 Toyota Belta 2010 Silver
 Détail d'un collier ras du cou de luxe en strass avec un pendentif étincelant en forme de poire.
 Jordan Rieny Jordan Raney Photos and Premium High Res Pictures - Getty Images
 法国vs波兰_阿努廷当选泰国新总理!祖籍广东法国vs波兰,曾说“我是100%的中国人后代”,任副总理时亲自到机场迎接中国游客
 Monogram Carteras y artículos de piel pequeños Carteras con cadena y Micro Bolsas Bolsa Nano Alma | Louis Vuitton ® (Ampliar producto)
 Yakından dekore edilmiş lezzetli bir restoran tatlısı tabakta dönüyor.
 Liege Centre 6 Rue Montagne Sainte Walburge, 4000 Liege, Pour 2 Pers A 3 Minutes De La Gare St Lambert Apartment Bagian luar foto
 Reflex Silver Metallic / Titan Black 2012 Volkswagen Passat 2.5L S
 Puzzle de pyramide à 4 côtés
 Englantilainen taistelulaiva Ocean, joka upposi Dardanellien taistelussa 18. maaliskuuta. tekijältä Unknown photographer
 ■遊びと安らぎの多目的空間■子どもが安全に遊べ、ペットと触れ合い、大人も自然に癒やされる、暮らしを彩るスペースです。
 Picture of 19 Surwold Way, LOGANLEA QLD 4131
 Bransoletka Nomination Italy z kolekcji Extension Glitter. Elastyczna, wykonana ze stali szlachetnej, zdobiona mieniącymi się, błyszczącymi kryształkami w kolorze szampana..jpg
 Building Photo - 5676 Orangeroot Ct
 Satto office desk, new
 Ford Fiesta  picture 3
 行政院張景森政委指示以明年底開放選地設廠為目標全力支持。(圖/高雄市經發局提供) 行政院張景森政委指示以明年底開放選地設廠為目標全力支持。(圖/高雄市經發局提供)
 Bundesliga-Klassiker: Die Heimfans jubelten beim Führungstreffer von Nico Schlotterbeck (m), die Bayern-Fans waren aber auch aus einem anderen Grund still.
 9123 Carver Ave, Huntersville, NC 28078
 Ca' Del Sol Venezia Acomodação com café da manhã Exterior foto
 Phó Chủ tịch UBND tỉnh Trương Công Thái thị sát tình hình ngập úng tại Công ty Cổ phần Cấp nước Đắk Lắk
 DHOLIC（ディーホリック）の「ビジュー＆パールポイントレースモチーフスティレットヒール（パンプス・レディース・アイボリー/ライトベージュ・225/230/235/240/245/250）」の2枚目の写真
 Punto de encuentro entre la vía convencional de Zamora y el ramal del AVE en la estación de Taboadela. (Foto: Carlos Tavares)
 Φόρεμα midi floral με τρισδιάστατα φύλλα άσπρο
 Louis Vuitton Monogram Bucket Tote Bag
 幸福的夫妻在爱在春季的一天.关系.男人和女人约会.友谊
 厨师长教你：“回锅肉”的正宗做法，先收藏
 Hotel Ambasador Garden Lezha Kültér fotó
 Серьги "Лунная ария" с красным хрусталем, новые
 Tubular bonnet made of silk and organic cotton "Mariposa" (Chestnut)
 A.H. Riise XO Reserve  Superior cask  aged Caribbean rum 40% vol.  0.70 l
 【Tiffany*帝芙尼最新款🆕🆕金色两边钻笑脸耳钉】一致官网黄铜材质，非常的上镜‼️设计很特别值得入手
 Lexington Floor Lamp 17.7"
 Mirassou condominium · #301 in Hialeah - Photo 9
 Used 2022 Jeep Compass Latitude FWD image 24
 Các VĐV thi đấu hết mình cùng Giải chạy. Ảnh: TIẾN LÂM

________________________________________

#### [Exercise]
Check the data line by line and report how many lines contain "Louis" as a word or string, giving nothing besides the number.

#### [Completed exercise]
2